Homeowners May Nail Citibank on Fraud

     SAN JOSE, Calif. (CN) – Citibank must face claims that it defrauded homeowners by padding the fees they charge on the delinquent accounts, a federal judge ruled.
     Gloria Stitt is the lead named plaintiff in a class action against Citibank and Citimortgage for violations of federal anti-racketeering law, conspiracy to violate RICO, unjust enrichment, and fraud.
     They say Citi colluded with subsidiaries, affiliates and vendors on a profit-making scheme to “unlawfully mark up default-related fees.” The vendors allegedly padded fees “often by 100% or more,” but never informed borrowers of the markups or profits.
     The borrowers also claim Citi routinely assessed fees that were unnecessary, such as ordering monthly property inspections although inspections were not needed. One class member’s home was allegedly inspected more than 30 times in three years.

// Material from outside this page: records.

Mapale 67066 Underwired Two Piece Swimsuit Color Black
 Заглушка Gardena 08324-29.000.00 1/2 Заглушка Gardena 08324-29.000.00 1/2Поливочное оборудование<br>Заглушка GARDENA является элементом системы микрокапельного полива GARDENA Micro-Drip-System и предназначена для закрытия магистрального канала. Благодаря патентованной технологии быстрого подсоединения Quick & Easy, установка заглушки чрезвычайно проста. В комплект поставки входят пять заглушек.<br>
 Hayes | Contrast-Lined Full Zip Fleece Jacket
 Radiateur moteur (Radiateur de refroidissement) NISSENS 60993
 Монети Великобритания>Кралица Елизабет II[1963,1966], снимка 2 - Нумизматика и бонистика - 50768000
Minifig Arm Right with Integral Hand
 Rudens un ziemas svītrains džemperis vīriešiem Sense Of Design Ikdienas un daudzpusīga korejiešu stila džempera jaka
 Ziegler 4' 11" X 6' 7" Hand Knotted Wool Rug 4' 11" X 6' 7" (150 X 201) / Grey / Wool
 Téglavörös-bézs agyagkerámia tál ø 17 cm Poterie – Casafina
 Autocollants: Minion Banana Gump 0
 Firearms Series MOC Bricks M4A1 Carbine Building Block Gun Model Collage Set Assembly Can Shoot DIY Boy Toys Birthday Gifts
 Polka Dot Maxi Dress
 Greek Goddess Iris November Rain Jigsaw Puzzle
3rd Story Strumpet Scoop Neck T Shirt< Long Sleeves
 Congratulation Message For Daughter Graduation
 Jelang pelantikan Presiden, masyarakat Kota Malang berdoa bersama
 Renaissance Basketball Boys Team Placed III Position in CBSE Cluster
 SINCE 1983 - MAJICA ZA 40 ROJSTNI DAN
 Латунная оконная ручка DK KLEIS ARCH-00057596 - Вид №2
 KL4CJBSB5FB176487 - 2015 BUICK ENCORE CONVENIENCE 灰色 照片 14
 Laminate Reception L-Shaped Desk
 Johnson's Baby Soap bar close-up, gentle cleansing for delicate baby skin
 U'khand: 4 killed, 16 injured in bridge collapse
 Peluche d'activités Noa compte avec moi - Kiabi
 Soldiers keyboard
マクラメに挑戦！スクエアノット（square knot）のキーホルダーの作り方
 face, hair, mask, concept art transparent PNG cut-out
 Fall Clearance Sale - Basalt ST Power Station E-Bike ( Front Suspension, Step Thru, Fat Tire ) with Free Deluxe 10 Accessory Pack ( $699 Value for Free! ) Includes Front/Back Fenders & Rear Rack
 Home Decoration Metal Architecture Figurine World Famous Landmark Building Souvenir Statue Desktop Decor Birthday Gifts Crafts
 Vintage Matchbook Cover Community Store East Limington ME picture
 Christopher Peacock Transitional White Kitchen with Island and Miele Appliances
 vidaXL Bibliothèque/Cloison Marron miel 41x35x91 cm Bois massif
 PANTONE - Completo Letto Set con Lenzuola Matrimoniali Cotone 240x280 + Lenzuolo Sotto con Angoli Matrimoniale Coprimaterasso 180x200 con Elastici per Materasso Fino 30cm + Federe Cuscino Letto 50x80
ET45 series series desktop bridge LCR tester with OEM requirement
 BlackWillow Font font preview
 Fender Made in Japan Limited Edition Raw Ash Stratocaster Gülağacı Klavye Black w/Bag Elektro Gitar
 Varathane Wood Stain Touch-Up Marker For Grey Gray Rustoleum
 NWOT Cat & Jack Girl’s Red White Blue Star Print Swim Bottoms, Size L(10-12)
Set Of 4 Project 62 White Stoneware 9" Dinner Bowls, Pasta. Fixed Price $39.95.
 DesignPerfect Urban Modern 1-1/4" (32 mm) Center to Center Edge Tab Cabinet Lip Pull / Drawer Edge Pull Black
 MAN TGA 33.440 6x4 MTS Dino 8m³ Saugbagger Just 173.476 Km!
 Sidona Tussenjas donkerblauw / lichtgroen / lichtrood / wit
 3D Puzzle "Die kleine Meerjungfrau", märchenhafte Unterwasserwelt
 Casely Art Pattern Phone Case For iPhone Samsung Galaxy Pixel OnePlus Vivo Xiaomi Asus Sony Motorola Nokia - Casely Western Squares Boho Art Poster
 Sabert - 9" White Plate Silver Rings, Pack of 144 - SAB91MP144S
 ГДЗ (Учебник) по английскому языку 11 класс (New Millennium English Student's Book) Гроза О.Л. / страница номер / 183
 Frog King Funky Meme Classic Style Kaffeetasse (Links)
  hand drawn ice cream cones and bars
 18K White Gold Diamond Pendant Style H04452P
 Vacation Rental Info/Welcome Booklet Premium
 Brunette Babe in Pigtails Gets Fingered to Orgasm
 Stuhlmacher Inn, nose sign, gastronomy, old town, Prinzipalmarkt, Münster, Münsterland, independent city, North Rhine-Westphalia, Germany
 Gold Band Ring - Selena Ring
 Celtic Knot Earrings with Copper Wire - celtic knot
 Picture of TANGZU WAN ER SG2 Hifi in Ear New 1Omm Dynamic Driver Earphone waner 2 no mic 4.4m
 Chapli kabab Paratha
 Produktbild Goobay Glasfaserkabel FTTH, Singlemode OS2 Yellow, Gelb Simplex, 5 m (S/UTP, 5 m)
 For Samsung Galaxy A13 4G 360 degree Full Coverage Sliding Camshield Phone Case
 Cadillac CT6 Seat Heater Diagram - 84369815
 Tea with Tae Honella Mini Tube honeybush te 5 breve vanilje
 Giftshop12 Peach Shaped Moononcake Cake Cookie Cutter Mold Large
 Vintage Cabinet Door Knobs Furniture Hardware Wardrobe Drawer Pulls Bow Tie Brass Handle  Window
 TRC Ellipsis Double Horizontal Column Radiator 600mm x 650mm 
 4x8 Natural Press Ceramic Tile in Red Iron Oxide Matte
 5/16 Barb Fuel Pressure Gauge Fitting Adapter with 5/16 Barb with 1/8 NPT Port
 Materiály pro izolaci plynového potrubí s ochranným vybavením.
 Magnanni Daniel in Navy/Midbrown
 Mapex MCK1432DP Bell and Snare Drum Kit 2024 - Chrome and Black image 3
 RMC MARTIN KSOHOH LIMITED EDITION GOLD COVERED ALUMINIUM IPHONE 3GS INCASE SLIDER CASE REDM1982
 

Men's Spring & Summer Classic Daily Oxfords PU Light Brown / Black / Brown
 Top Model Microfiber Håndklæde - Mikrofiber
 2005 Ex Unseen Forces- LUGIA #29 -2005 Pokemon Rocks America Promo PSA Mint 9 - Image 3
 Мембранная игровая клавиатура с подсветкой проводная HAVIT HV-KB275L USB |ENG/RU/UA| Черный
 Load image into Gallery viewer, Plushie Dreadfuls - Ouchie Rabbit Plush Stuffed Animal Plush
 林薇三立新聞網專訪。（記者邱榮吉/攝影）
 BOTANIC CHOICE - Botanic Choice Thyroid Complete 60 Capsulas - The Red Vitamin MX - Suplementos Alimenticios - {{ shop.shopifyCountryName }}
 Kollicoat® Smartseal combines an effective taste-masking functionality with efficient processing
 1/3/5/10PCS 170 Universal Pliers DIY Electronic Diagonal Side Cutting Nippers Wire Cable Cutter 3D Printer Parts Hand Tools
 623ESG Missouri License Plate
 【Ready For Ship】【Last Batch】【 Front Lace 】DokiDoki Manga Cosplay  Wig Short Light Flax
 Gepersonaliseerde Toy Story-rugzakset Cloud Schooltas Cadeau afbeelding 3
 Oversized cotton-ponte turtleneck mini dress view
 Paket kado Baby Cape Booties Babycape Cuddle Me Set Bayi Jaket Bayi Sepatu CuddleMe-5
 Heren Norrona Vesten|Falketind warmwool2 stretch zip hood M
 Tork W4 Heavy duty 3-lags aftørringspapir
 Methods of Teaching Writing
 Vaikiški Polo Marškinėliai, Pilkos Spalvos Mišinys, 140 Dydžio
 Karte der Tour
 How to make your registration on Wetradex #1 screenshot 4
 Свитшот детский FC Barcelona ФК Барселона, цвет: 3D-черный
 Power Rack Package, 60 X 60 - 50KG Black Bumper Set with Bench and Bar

     Citi moved to dismiss the complaint, but U.S. District Judge Yvonne Gonzalez Rogers pruned only the RICO claims on Thursday. She gave the prospective class 21 days to try again with an amended complaint.
     The bank argued that its actions followed the terms of the mortgage agreements and represented normal business practices.
     In preserving the borrowers’ fraud claim, the court pointed to several authorities that imposed a duty to disclose material information, such as mark-ups, on lenders. Jurors could find that Citi’s failure to itemize “delinquency expenses” and mark-ups on mortgage statements could be characterized as fraud, according to the ruling.
     The court declined to determine if the mortgage agreements protected Citibank from the unjust enrichment claim, stating a decision on the issue was “premature for the court.”
     There were no “specific factual allegations,” however, to demonstrate that Citibank’s actions were the conduct of an enterprise and racketeering activity, as defined by RICO, Rogers said.
     The borrowers offered vague allegations regarding the possible structure of an enterprise but no explanation of how the various groups worked together to defraud borrowers in default, according to the ruling.